Morgan Stanley temporarily
upped their price target to $77 while needing more time for a full analysis.
@mulder1231: This 13May2013 Morgan Stanley "realistic" target increase to $77 should set off the remaining analysts, some of whom, incredibly, have not revised upward their pre Dec 2012 before Tesla reached the 400 car/week milestone.
I especially liked its short-igniting summary: "The Tesla debate has moved on from questions of viability to measuring the success and sustainable competitive advantage of [Tesla], triggering a dramatic compression of the implied risk premium."
My theory on next few days:
Factor 1: Analysts are influenced by factors having nothing to do with actual outlook of a company--in particular, continually balancing fearing loss of reputation between being too bearish vs. too bullish. Given the Thurs and Fri post-1Q2013 rally, I think now bearish analysts like Deutsche Bank and Pacific Crest will pass the tipping point into being more worried about missing the boat--especially as they're looking pretty clueless with targets about half Friday's price, and raise them near Morgan Stanley's new $77/shr target--which itself has potential for further raises given the note's odd "target under review" title.
Factor 2: Big rise from 55.79 Wed 08May2013, pre 1Q2013 results, to 76.76 close Friday 10May2013 can be explained solely by massive market realization Tesla is for real, and the Consumer Reports 99/100 test, without invoking short covering--despite the media's general crediting the rise to this.
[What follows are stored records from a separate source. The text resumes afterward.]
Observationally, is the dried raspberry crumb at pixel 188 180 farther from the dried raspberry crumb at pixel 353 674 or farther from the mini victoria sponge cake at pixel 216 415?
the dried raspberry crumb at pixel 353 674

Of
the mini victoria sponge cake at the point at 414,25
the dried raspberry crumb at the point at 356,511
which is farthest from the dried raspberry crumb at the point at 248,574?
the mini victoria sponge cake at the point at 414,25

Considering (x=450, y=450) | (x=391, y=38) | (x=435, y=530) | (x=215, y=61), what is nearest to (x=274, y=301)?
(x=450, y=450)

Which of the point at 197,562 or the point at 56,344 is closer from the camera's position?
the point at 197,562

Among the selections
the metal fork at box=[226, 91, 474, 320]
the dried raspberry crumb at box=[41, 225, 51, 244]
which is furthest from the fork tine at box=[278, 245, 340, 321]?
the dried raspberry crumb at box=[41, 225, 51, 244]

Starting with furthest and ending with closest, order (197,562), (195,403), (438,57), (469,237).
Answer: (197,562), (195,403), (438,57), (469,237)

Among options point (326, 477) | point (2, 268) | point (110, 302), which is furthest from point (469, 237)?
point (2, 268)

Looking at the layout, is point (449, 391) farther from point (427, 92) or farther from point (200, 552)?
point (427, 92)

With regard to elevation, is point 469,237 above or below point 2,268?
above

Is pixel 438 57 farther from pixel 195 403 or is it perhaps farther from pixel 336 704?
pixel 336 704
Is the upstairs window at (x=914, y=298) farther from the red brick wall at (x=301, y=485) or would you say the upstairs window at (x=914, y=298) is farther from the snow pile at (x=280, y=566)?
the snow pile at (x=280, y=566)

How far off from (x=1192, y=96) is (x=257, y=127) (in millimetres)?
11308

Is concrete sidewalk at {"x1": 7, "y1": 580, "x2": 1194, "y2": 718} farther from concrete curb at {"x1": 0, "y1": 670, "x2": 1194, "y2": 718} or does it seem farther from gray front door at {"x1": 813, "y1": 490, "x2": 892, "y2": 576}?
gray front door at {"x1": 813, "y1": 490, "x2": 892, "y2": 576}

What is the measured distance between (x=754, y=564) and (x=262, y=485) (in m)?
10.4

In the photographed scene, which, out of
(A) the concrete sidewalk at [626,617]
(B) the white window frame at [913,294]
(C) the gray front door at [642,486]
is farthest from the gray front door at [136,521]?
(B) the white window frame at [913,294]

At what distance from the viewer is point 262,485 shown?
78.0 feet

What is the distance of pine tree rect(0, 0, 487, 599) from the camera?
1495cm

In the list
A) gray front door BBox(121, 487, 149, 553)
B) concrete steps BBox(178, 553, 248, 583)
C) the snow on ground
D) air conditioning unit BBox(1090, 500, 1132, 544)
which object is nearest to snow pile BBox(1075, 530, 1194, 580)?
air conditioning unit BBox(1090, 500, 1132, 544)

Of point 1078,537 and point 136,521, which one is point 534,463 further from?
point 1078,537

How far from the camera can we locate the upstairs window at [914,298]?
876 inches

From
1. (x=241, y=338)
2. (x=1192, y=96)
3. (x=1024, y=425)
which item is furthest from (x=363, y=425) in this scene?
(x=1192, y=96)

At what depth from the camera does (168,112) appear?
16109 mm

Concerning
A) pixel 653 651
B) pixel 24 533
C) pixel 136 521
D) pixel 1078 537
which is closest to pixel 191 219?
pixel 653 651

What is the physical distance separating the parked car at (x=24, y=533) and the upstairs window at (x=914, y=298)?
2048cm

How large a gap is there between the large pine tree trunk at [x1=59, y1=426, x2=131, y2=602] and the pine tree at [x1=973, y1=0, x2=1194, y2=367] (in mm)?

I think it's plausible roughly equal numbers of shorts saw the light and covered, as new shorts entered, thinking now it's REALLY overvalued.
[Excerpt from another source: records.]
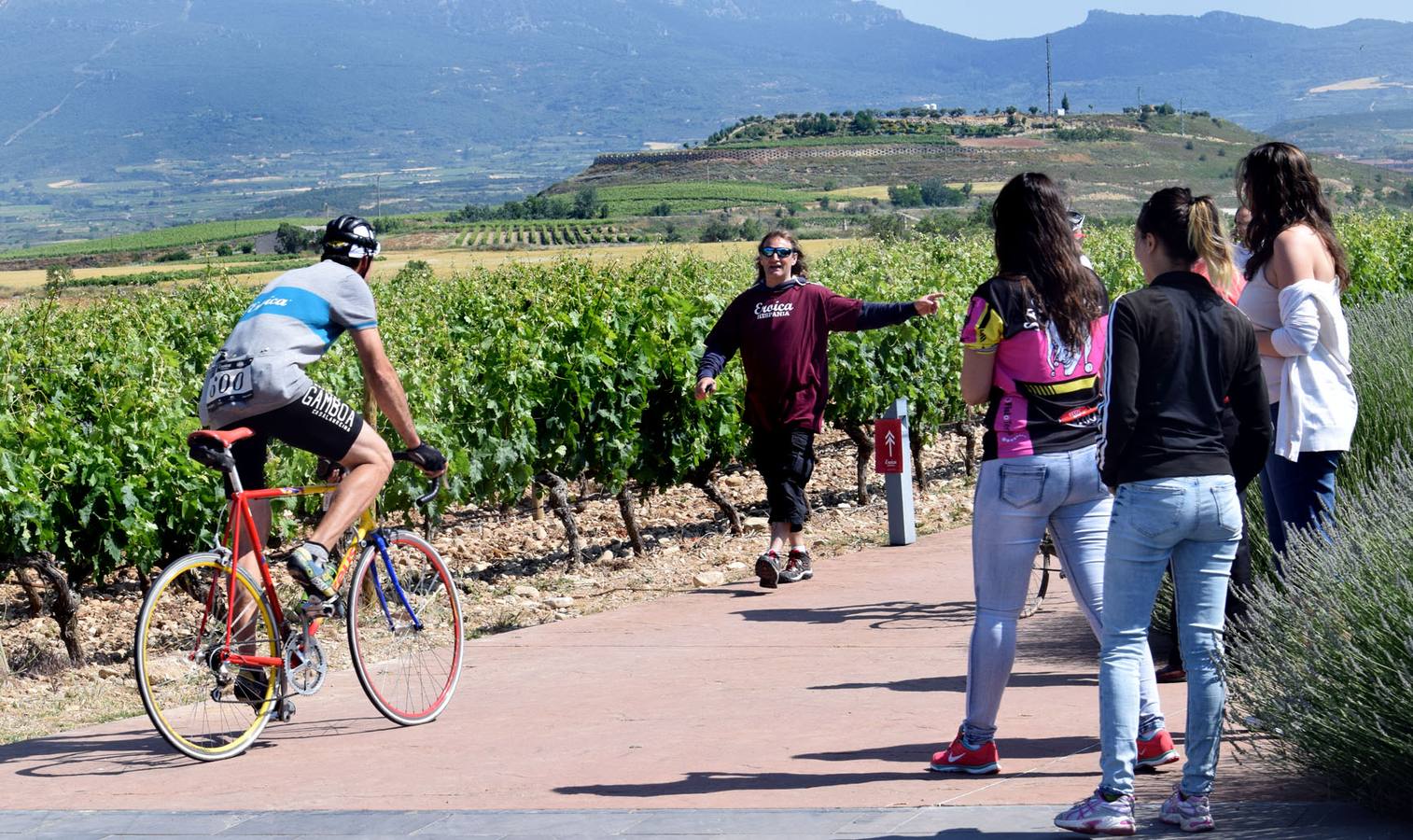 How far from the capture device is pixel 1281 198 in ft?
19.4

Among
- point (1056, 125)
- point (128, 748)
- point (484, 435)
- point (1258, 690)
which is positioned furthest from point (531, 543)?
point (1056, 125)

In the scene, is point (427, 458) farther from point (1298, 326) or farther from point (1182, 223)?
point (1298, 326)

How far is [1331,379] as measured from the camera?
5.98 metres

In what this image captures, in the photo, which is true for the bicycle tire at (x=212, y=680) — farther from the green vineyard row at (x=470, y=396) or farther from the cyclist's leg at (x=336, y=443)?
the green vineyard row at (x=470, y=396)

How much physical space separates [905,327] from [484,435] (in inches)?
177

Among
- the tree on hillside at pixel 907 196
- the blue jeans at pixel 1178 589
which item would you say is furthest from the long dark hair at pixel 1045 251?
the tree on hillside at pixel 907 196

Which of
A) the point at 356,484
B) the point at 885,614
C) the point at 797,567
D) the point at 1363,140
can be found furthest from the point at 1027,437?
the point at 1363,140

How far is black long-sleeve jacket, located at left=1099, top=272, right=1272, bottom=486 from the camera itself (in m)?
4.48

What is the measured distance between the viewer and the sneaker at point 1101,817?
4309mm

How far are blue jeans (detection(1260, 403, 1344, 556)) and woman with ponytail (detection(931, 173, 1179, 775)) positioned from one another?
1.14 metres

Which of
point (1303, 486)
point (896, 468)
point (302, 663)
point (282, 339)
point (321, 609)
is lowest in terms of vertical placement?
point (896, 468)

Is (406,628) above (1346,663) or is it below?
below

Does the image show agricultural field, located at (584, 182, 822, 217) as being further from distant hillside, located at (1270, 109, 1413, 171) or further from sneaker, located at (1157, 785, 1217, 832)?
sneaker, located at (1157, 785, 1217, 832)

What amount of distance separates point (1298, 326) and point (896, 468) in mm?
4628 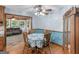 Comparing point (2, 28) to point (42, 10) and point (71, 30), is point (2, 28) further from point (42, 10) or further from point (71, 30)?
point (71, 30)

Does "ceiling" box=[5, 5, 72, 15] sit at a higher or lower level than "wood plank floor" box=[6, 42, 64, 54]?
higher

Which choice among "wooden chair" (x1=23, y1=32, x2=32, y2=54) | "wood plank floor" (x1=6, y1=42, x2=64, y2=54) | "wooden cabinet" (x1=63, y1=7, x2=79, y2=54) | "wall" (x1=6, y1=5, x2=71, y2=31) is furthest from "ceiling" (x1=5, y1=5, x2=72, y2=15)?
"wood plank floor" (x1=6, y1=42, x2=64, y2=54)

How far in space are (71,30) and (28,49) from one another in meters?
0.87

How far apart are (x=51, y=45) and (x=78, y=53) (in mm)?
514

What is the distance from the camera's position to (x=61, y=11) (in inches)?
87.1

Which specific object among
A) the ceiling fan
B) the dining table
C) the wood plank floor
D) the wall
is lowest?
the wood plank floor

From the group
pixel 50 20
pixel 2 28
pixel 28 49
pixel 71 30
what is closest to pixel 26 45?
pixel 28 49

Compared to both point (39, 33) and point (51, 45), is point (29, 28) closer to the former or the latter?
point (39, 33)

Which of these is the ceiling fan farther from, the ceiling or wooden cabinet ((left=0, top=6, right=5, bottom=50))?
wooden cabinet ((left=0, top=6, right=5, bottom=50))

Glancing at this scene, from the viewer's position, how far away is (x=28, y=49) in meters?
2.27

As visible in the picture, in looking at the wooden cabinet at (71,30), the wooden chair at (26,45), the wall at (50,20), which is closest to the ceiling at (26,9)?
the wall at (50,20)

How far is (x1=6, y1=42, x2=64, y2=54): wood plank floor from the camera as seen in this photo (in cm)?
222

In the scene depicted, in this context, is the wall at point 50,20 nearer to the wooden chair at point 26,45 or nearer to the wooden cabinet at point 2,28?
the wooden cabinet at point 2,28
Factor 3: Latest short interest figures are 37.3% 30Apr2013, when TSLA had run up to 53.99. This was a decrease of 10% from 42.1% 15Apr2013, but not a massive covering. It seems plausible that most shorts were frozen in disbelief at the 1Q2013 spike, not convinced their bear case is dead, and still holding on, and have been joined by new shorts at the post 1Q2013 highs. This doesn't imply anything about short interest as of Fri 10May2013, but given this in-denial factor, I think it's plausible short interest as of Friday is almost the same as 30Apr2013.
Factor 4: I suspect some analysts delayed updating targets Thursday, the day after 1Q2013 results, to allow clients with large short positions to cover. Unethical but plausible. But they probably won't wait more than 3 days after Thursday, given margin calls coming and mounting threat to reputations from targets wildly below market. More target raises should set off further short covering.
Therefore as we get a piling in by analysts to $77-plus targets, this fairly strong floor will slowly destroy short hopes of a pullback--suggesting the real short squeeze is yet to come.